• **THE RECORDS**
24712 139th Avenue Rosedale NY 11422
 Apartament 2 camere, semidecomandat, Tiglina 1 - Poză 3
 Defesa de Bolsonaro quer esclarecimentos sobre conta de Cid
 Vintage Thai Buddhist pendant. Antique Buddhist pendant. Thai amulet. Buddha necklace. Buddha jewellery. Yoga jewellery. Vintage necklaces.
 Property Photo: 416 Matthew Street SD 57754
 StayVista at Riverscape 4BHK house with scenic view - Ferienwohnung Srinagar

• **YOUR OBJECTIVE**
From the line containing "Property Photo: 416 Matthew Street SD 57754" down to the last line, reproduce the records exactly. Include both ends.

• **EXERCISE OUTPUT**
 Property Photo: 416 Matthew Street SD 57754
 StayVista at Riverscape 4BHK house with scenic view - Ferienwohnung Srinagar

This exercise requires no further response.